Carlos Alcaraz continues to prove he’s the future of tennis…
In a young career full of great moments, the 18-year-old Spanish tennis phenom wrote another unforgettable chapter on Sunday in Barcelona.
Alcaraz, who has now won three titles this season, is projected to climb to No. 9 in the ATP Rankings on Monday, making him the youngest player to crack the Top 10 since Rafael Nadal did it exactly 17 years ago after lifting his first Barcelona trophy.
“It means a lot. I’ve watched this tournament since I was a kid.

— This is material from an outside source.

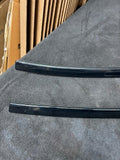 BMW 3 SERIES G20 G80 M3 SEDAN ROOF RAILS GUTTER TRIMS MOULDINGS MOLDINGS 7427839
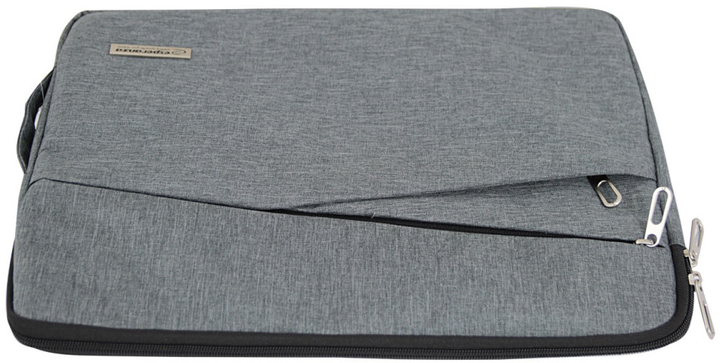 Чохол для ноутбука Esperanza Verona 15.6" Grey (ET193) - зображення 3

I always wished to play in this tournament and of course to be able to win this tournament,” Alcaraz said in his on-court interview. “I’m really, really happy to be part of the [historic] Spanish list.”
Plenty of Spanish legends have won the Barcelona title, including Nadal, Juan Carlos Ferrero and Carlos Moya.
Alcaraz, Nadal and Sunday’s Serbia Open champion Andrey Rublev lead the ATP Tour this season with three titles each.
“I’ve always been a normal guy. I’m not scared of fame,” Alcaraz said. “I’m not going to change the person I am. I’m happy to know that at 18 years old I’m in the Top 10, and to do it [at] the same age as my idol Rafa is impressive.”
Although the scoreline of the final looks straightforward, the day was anything but.
The semifinals were pushed to Sunday because of rain, and the 18-year-old needed three hours and 40 minutes to defeat Alex de Minaur in the longest best-of-three match of the season.
In that clash, the Aussie had two match points to win in straight sets. On one of those match points, de Minaur had a short forehand with the court open, but allowed Alcaraz a look at a passing shot, which the teen delivered perfectly.
The #NextGenATP star showed no fatigue in the final, overwhelming Carreno Busta, who is like Alcaraz’s older brother, in one hour and six minutes. Both Spaniards train at the JC Ferrero Equelite Sport Academy and Carreno Busta’s coach, Samuel Lopez, used to coach Alcaraz’s coach, Juan Carlos Ferrero.
During the trophy ceremony, Alcaraz and Carreno Busta even sat on the same bench as they waited to be called up.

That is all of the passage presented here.